Set down, word for word, the line with "Crawler excavator CATERPILLAR" and the lines after it through the final line of the data below, without pictures.
Information: Begin
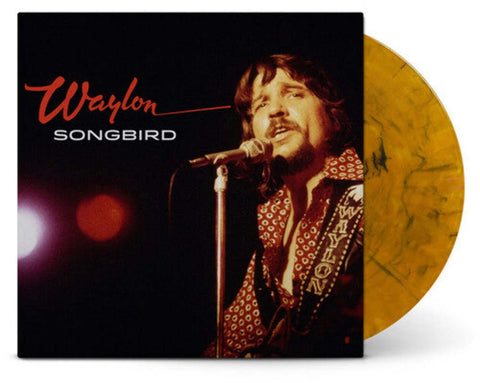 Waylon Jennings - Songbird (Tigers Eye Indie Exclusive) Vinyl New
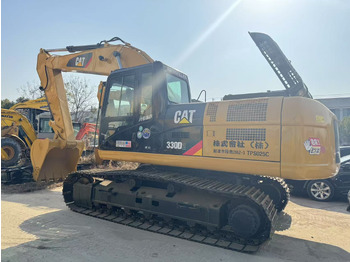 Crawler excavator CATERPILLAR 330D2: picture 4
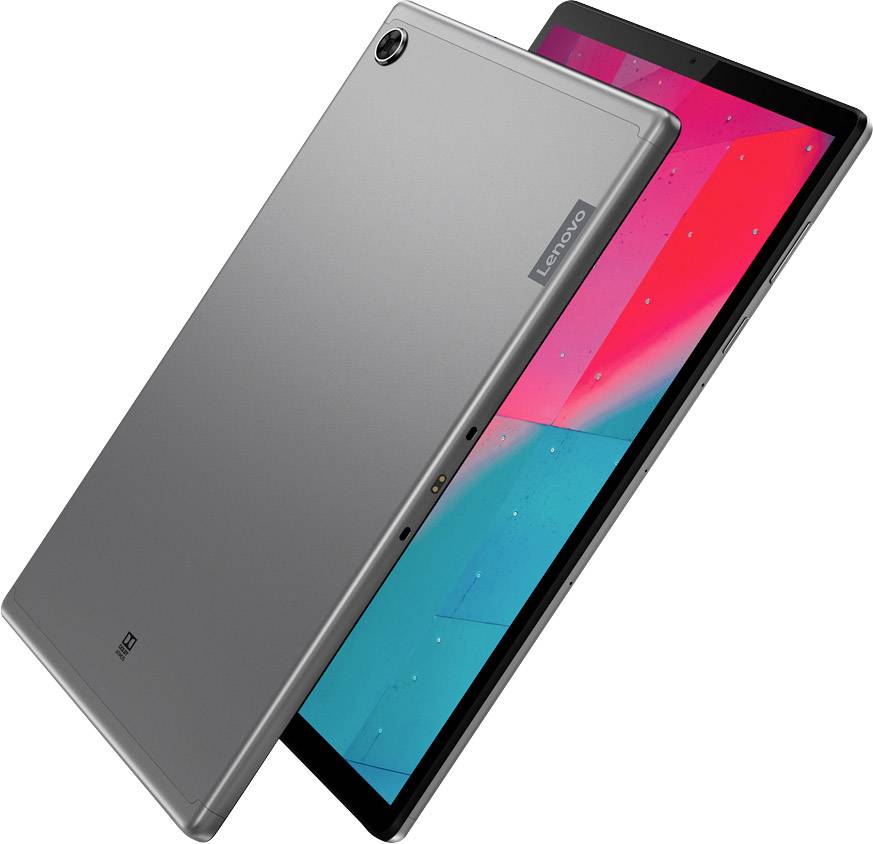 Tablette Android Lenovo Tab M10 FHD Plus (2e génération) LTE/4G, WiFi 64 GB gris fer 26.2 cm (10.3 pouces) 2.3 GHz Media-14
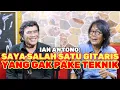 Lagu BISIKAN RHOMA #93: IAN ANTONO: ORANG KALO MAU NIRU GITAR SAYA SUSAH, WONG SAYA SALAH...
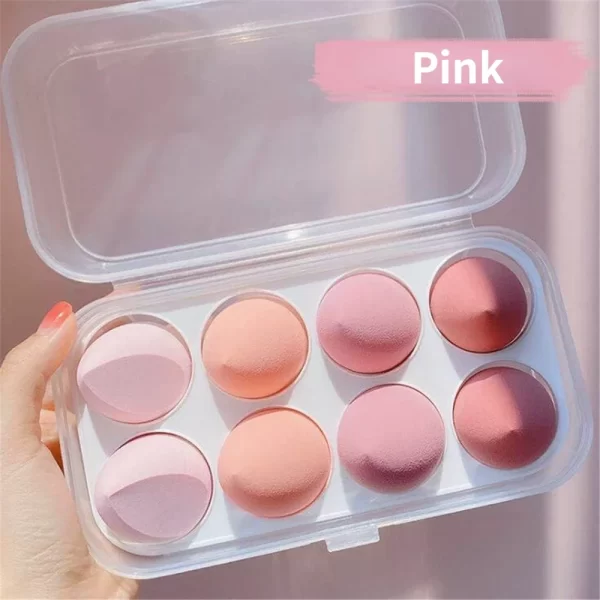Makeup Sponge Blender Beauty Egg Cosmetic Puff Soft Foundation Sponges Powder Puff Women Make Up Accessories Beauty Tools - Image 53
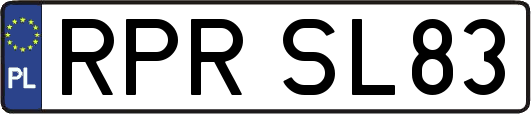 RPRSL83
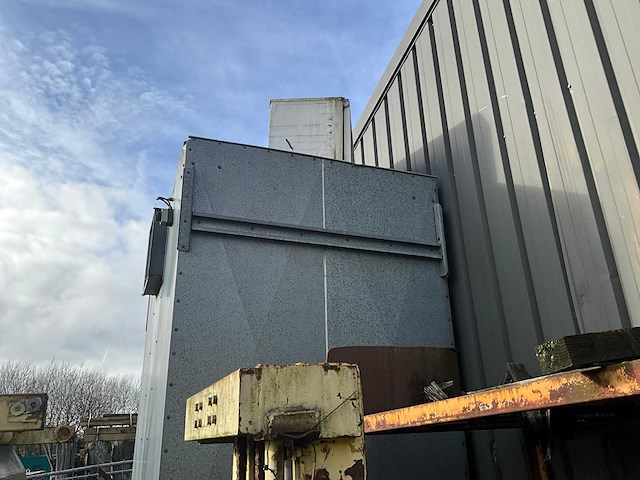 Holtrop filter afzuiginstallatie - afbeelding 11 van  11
Information: End
**Answer space:**
 Crawler excavator CATERPILLAR 330D2: picture 4
 Tablette Android Lenovo Tab M10 FHD Plus (2e génération) LTE/4G, WiFi 64 GB gris fer 26.2 cm (10.3 pouces) 2.3 GHz Media-14
 Lagu BISIKAN RHOMA #93: IAN ANTONO: ORANG KALO MAU NIRU GITAR SAYA SUSAH, WONG SAYA SALAH...
Makeup Sponge Blender Beauty Egg Cosmetic Puff Soft Foundation Sponges Powder Puff Women Make Up Accessories Beauty Tools - Image 53
 RPRSL83
 Holtrop filter afzuiginstallatie - afbeelding 11 van  11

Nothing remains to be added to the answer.